**Activity**
Go to the line holding "Orchid on the windowsill on the balcony" in the data below and repeat it exactly, then each line after it up to and including the one holding "Juvenile Chacoan peccary". Omit pictures.

**Supplied data**
......

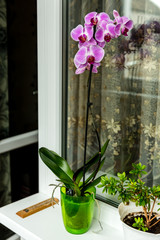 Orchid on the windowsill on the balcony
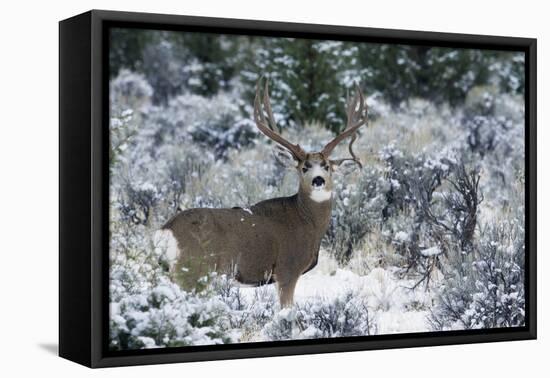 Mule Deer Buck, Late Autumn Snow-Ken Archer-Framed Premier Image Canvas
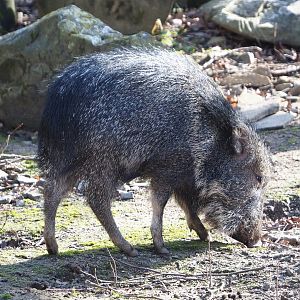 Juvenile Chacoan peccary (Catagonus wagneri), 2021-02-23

......

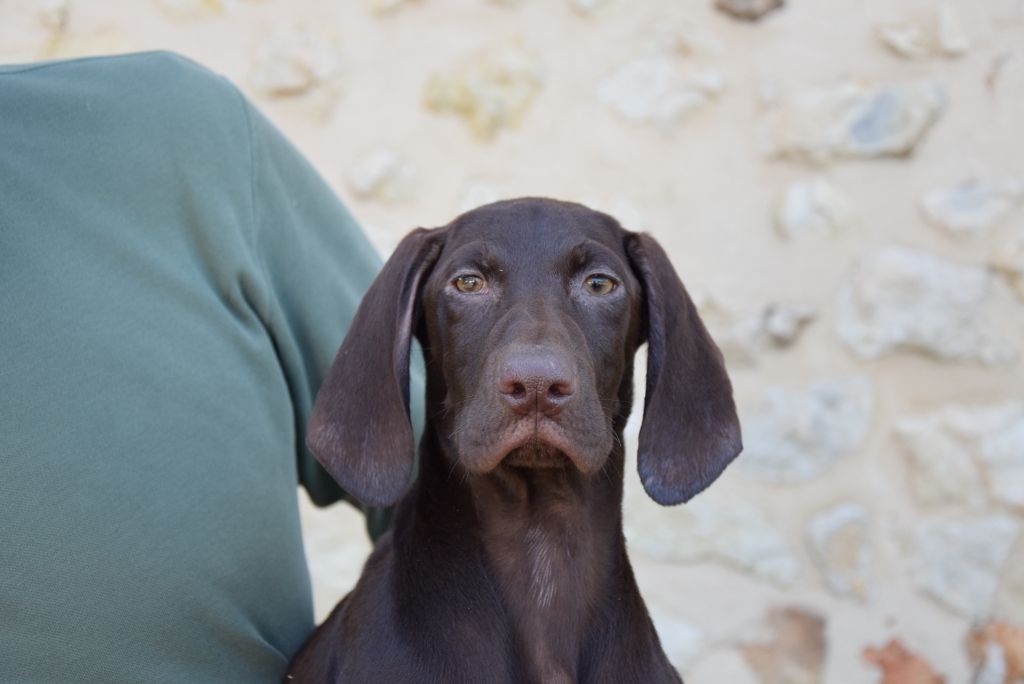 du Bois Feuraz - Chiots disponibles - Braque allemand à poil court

......

**Problem solution**
 Orchid on the windowsill on the balcony
 Mule Deer Buck, Late Autumn Snow-Ken Archer-Framed Premier Image Canvas
 Juvenile Chacoan peccary (Catagonus wagneri), 2021-02-23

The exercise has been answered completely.